Master-Thesis: Camera-Agnostic Monocular SLAM and Semi-Dense 3D Reconstruction
This thesis discusses localization and mapping techniques based on a single camera. After introducing the given problem, which is known as monocular SLAM, an overview of related publications is provided. Relevant mathematical principles are presented and subsequently used to compare available methods in the abstract. During this comparison, state-of-the-art methods are analysed thoroughly. Various camera models are studied with emphasis on omnidirectional cameras, and corresponding techniques are investigated. Employing omnidirectional cameras imposes special requirements that are not met by common SLAM-methods.

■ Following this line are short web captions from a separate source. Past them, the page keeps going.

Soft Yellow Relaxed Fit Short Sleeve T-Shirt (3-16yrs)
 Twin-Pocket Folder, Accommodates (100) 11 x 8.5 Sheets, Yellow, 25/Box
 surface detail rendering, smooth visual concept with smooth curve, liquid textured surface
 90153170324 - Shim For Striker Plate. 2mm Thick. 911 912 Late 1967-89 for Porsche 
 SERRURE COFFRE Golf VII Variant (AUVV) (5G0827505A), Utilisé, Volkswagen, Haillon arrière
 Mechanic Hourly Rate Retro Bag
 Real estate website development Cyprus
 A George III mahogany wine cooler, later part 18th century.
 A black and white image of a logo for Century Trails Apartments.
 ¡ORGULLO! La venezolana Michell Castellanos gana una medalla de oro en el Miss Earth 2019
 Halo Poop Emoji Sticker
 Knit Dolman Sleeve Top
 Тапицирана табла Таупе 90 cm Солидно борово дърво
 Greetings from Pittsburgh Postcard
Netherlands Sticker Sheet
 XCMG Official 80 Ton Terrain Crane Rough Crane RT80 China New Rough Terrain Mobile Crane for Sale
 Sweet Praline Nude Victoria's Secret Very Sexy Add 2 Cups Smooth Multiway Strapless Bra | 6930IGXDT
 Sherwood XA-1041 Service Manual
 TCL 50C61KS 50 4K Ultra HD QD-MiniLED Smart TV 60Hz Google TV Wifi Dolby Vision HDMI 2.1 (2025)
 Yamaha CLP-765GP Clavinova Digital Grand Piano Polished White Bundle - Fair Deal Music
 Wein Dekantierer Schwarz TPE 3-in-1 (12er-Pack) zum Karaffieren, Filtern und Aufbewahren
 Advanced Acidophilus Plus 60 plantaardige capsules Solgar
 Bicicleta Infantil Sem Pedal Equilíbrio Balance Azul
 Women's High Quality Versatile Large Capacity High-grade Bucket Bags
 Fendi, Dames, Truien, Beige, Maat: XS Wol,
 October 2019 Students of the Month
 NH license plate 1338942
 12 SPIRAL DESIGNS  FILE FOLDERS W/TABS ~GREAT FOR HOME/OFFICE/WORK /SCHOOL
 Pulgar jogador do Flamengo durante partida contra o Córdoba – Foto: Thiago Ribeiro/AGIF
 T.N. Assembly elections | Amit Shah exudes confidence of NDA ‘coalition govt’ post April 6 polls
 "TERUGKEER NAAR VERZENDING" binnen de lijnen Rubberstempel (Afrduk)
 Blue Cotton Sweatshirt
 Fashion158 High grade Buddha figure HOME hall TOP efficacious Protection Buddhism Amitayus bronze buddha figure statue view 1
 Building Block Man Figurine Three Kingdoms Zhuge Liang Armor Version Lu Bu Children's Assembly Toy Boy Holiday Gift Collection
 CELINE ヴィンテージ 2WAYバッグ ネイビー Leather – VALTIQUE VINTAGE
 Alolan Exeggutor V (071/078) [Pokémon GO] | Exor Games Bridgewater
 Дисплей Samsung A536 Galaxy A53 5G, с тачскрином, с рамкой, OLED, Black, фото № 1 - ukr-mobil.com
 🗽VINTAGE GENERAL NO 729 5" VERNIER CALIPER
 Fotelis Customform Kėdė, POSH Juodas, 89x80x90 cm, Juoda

In this thesis, techniques that are applicable for traditional as well as omnidirectional cameras are evaluated. A new camera agnostic monocular SLAM system (CAM-SLAM) is presented. It was developed within the scope of this thesis and is inspired by recently proposed SLAM-methods. In contrast to most other systems, it supports any central camera model. Experiments show that CAM-SLAM features similar accuracy as state-of- the-art methods, while being considerably more flexible.
Bachelor-Thesis: Real-Time Hair Simulation and Rendering
My bachelor thesis presents real-time techniques for virtual hair generation, simulation and rendering and discusses a prototype which has been implemented within the scope of this thesis. After examining properties of human hair in section 2, section 3 outlines simulation methods and explains mass-spring systems. All simulation methods are based on particles, which are used to generate geometry (section 4) and to subsequently render hair strands. The Kajiya and Kay’s, Marschner and an artist friendly shading system are reviewed in section, before describing shadow and self-shadowing techniques, such as deep opacity maps in section 5. While the subjects of the first sections are platform-independent methods and properties, section 6 presents DirectX 11-oriented implementation details. Finally, the prototype is used to analyse the quality as well as the efficiency of covered techniques in section 7.
3DCIS: A Real-time Browser-rendered 3D Campus Information System Based On WebGL
Most of the current real-time 3D web applications are only available with plug-ins as Flash or additional software as Java. Avoiding this drawback, the new WebGL technology provides hardware accelerated computer graphics for web browsers without requiring plug-ins. Using Blender, WebGL, the WebGL-expanding framework GLGE, and an in-house developed exporter B2G from Blender to GLGE we have realized the cutting-edge web application 3DCIS based on a complex 3D model of our campus. With 3DCIS one is able to explore the campus interactively and to become acquainted with local persons and institutions. Textual information about buildings, rooms and persons is linked with 3D model information to enhance the intuitive experience of 3DCIS.